__Your goal__.
Scan the records below for the line with "Wayne Clark classic" and the line with "Мужской темно-серый пиджак от Barena". Repeat those two lines and every line between them exactly, and nothing else.

─── Input

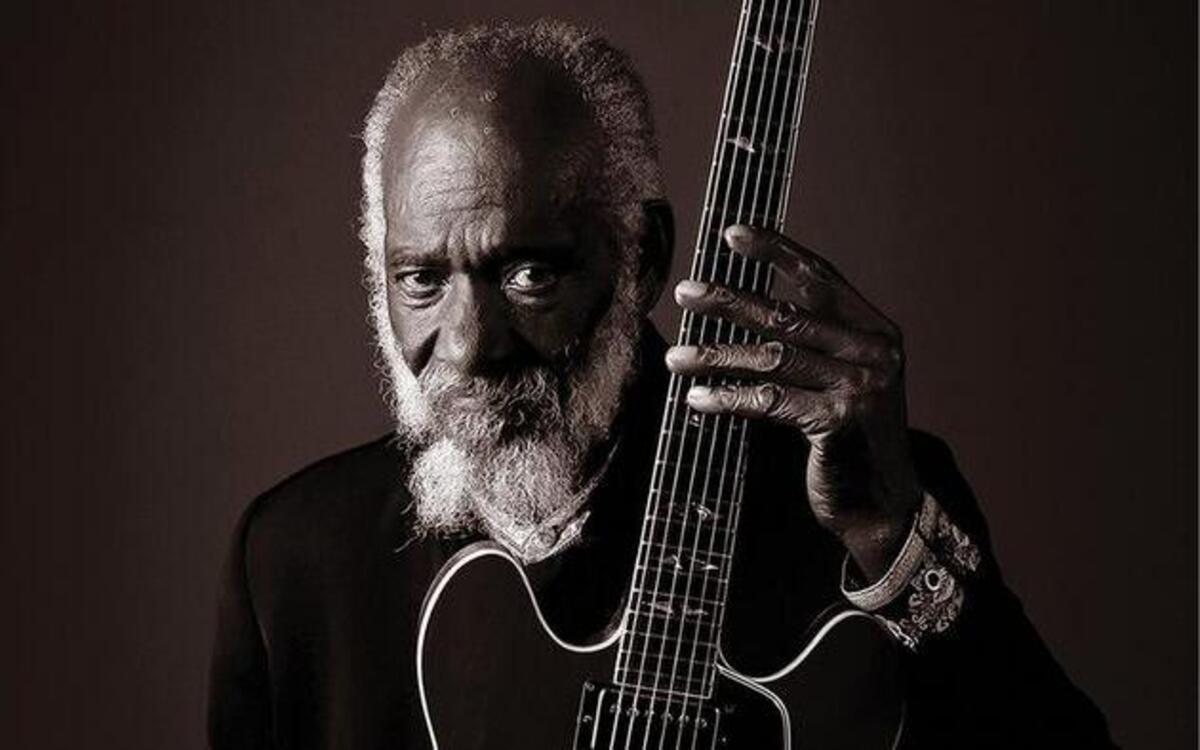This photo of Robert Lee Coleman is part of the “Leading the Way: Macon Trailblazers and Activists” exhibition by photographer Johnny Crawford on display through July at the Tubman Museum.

──────
─── Input

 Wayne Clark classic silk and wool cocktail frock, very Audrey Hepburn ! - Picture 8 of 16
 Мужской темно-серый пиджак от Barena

──────

__Finished exercise__.
 Wayne Clark classic silk and wool cocktail frock, very Audrey Hepburn ! - Picture 8 of 16
 Мужской темно-серый пиджак от Barena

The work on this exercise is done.